Artists Working Together
These Wholes Exceed Their Sums
ALL TOGETHER NOW: From Gaviota to the Funk Zone, Coast Village Road to the Bacara Resort & Spa, groups small and large are coming together this spring to share art. Telling the tales of just three of these recent collaborations conveys some of the breadth and intensity of Santa Barbara’s art scene today. This month, it’s possible to traverse multiple worlds without leaving town, and to encounter the work of artists who are crossing boundaries and joining forces in both familiar and unfamiliar ways. When vested interests are set aside and creators step out of their comfort zones, interesting things begin to happen.
PHOTOS OKAY: Let’s start at the Bacara Resort, where the artists under the banner of SCAPE (or Southern California Artists Painting for the Environment) are having a two-day festival they’re calling Visions of the Gaviota Coast Friday-Saturday, April 18-19. More than 100 paintings will be on display in a show that was juried by John Iwerks, and they will be available for purchase on Friday through a silent auction. For this exhibition, the SCAPE artists have decided to take a step that’s very much out of character for the organization: They’re including photography alongside predominantly plein air painting. Photographer and longtime eco-activist Reeve Woolpert, who will be the lone cameraman in this sea of paintbrushes and easels, gets that special privilege because of the quality of his work, which is wonderful, but also because of another special collaboration, which is Woolpert’s history of working effectively with Bacara General Manager Kathleen Cochran on setting up these annual shows. When I spoke with Woolpert recently, he expressed the desire that the Visions of Gaviota exhibit become the point of departure for even more unprecedented steps, saying that his “audience has the inclination but needs to be pushed over the edge into activism.” Like the artists of SCAPE, Woolpert sees the Bacara Resort as both a potential partner in the preservation of Gaviota and as a potential foe in the ongoing legal battles over such developments as the nearby Paradiso del Mare. Woolpert’s photos record his love for the original state of the land, and they reflect a passionate engagement with the community’s decision-making processes regarding future development. When he’s not busy advocating for the preservation of beach-access trails and the like, Woolpert can be found traveling lightly along the Gaviota coast with his camera, recording the vanishing beauty that lies just off the beaten track.

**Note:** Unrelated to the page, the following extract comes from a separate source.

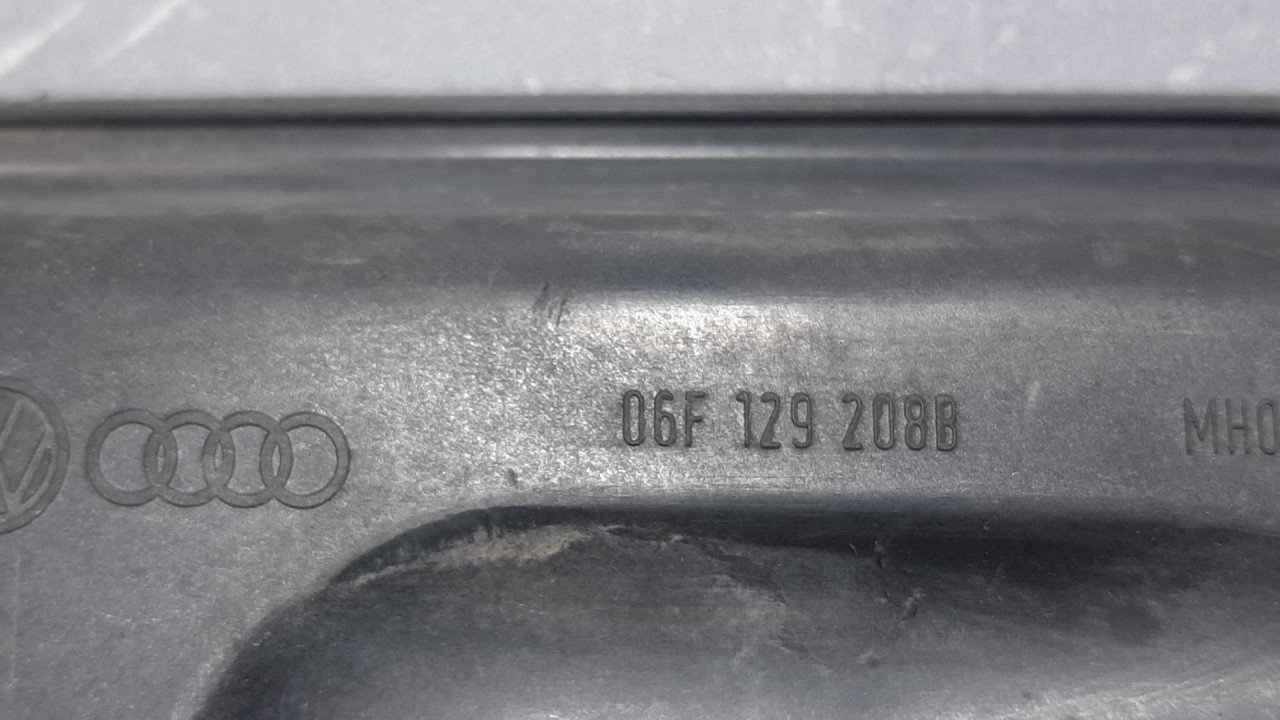 DIJELOVI DEKLO AUDI A3 > 03-08 06F129208B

DISCOVERING SCULPTURE: Poet and philanthropist Robert Emmons got started making sculptures through the encouragement and guidance of one of his closest friends, the Montecito-based artist Aristides Demetrios. Demetrios has had a long and distinguished artistic career, working for both public institutions and private clients in prominent locations all over the world. Santa Barbarans don’t need to go far to see his work — there’s a great example on the beautiful expanse of lawn leading from SBCC’s Garvin Theatre down toward West Beach. When Emmons took his first lessons in sculpture from Demetrios, both men were fast approaching their eighties, and neither knew where it would lead. Now, two years and several trips to Florence, Italy, later, Emmons has a show at Alex Mertens Fine Art on Coast Village Road in which he is paired with his neighbor Tom Mielko, who is exhibiting his highly detailed drawings of some of the animals at the Santa Barbara Zoo. “To be able to express yourself in bronze really is something,” says art dealer Mertens of Emmons’s work, which has proven to be an unexpected hit with the art-buying public. “Bob’s conversation with the bronze is just getting started,” he observed as we wandered from one striking figure to another. While clearly owing a great deal to such high Modernist icons as Alberto Giacometti, with this show, up through May 4, Emmons puts his own hand-crafted mark on the genre.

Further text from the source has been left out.